The new feature just started rolling out and will eventually be available to all Lyft customers. In addition to paying for rideshares, users can also tap Venmo to use Lyft’s bikes and scooters where available. Lyft also offers a native fare-splitting service outside of Venmo. 

When using Venmo, users have the option to pay with their Venmo balance or link to a card or bank. Riders can pay for trips with PayPal, credit and debit cards, direct banking or Lyft Cash, among other options.

Headquartered in Silicon Valley, Lyft was co-founded by John Zimmer and Logan Green in 2012, although the company first launched in 2007 under the name Zimrides. Its biggest competitor is Uber, which launched in 2008. Lyft operates in 644 U.S. municipalities and 12 cities in Canada.

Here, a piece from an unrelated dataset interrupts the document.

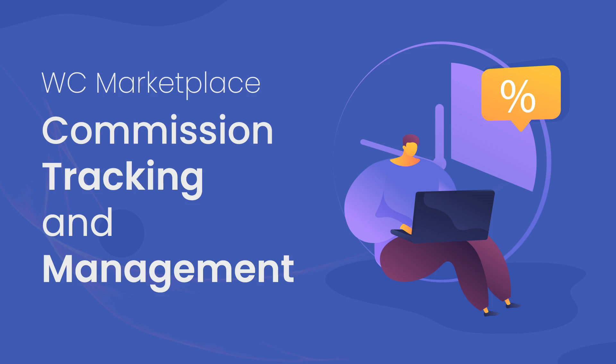Hello and welcome back to WC Marketplace. Today's video will be all about commission management in WCMP. While having a flexible commission structure gives you the advantage of applying various kinds of commissions, keeping track of this commission is also important.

Lyft also has a $19.99 monthly loyalty club called Lyft Pink. Subscribers get free Grubhub deliveries in addition to other perks like 15 percent off rides, three monthly cancellations at no charge, three 30-minute bicycle or scooter trips at no charge, and priority pickups during busy times at the airport. Roughly 200,000 U.S. restaurants participate in the program, which requires users to place minimum orders of $12.

Earlier this month, an appeals case concerning California’s 2019 legislation affecting gig workers — Assembly Bill 5 (AB5) — had its first hearing in front of California’s 1st District Court of Appeal. Uber and Lyft are working together to overturn a lower-court ruling that would reclassify their workers as employees instead of independent contractors.

Uber CEO Dara Khosrowshahi called AB5 irrational and unconstitutional in a recent blog post. He also said it was destructive to the business model and to gig jobs.